*Assigned task*: Below are some records. Quote exactly the lines from the one that contains "wrist curler" through the last, both included, and leave out the pictures.

- Opening Delimiter -

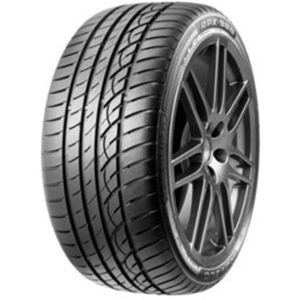 Rovelo RPX 988 195/45R15 78 V Tourisme Été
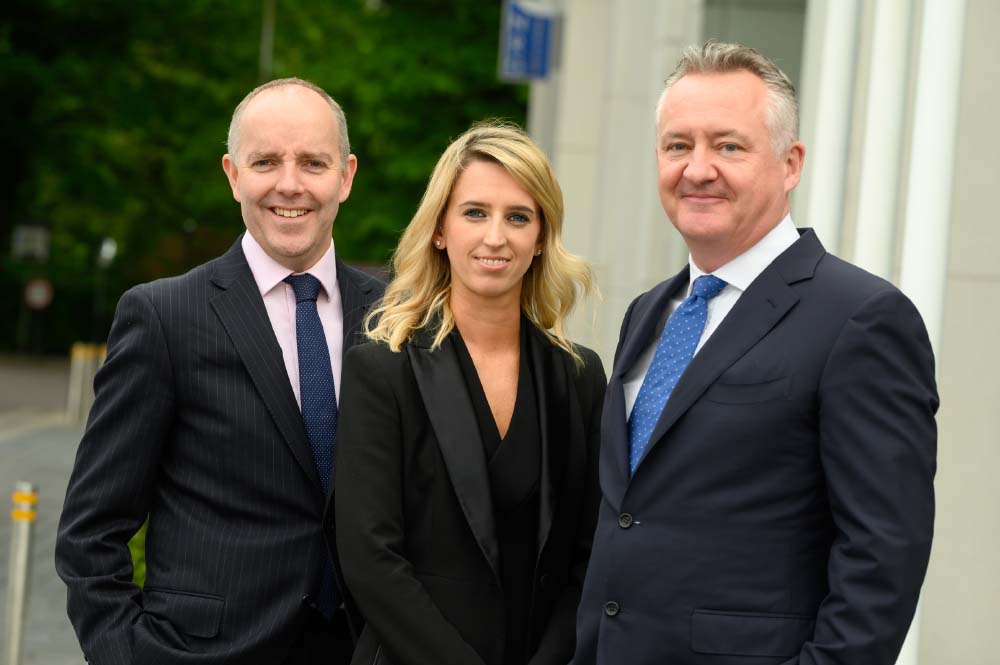 William Fry becomes latest major Irish firm to expand into Cork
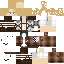 Texture for Erno Scouting Corpse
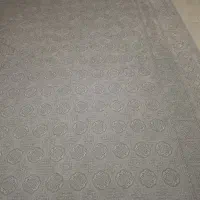 روفرشی ۱۲ متری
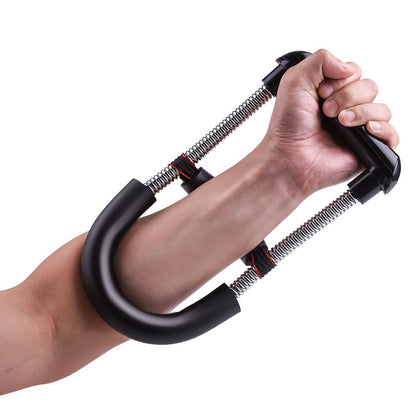 wrist curler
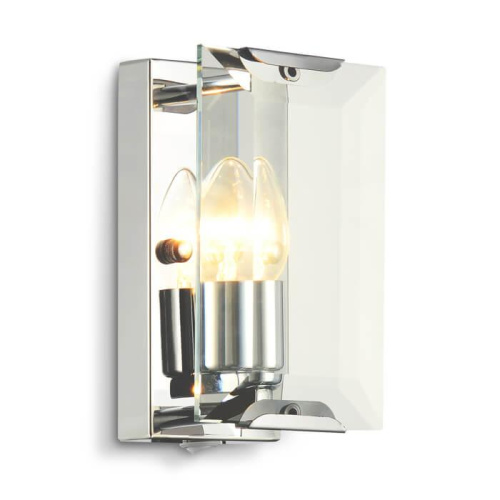 Настенный светильник Ambrella light Traditional TR5155 Настенный светильник Ambrella light Traditional TR5155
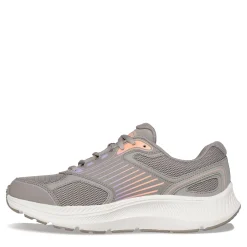 Women's Skechers, GO RUN Consistent 2.0 - Advantage Sneaker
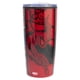 thumbnail image 4 of Termo Doble Pared Ambient 21 Spider Man Edición Especial Marvel 450 ml, 4 of 5
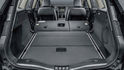 2020 Ford Mondeo Wagon EcoBoost 240  第9張縮圖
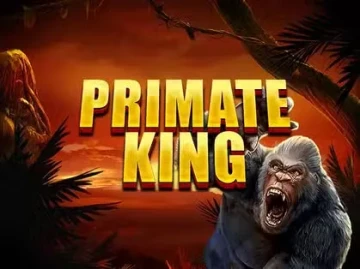 God Of Coins Casino screenshot
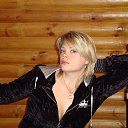 ���� Elena, ������, 45 ��� - ��������� 3 �������� 2023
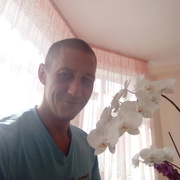 Андрей, 42, Лазаревское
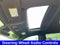 2024 Chevrolet Silverado 2500HD ZR2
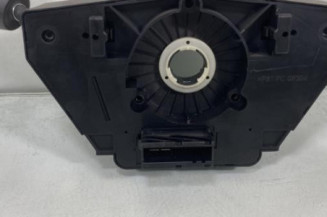 Com (Bloc Contacteur Tournant+Commodo Essuie Glace+Commodo Phare) OPEL CORSA D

- Closing Delimiter -

*Written response*:
 wrist curler
 Настенный светильник Ambrella light Traditional TR5155 Настенный светильник Ambrella light Traditional TR5155
 Women's Skechers, GO RUN Consistent 2.0 - Advantage Sneaker
 thumbnail image 4 of Termo Doble Pared Ambient 21 Spider Man Edición Especial Marvel 450 ml, 4 of 5
 2020 Ford Mondeo Wagon EcoBoost 240  第9張縮圖
 God Of Coins Casino screenshot
 ���� Elena, ������, 45 ��� - ��������� 3 �������� 2023
 Андрей, 42, Лазаревское
 2024 Chevrolet Silverado 2500HD ZR2
 Com (Bloc Contacteur Tournant+Commodo Essuie Glace+Commodo Phare) OPEL CORSA D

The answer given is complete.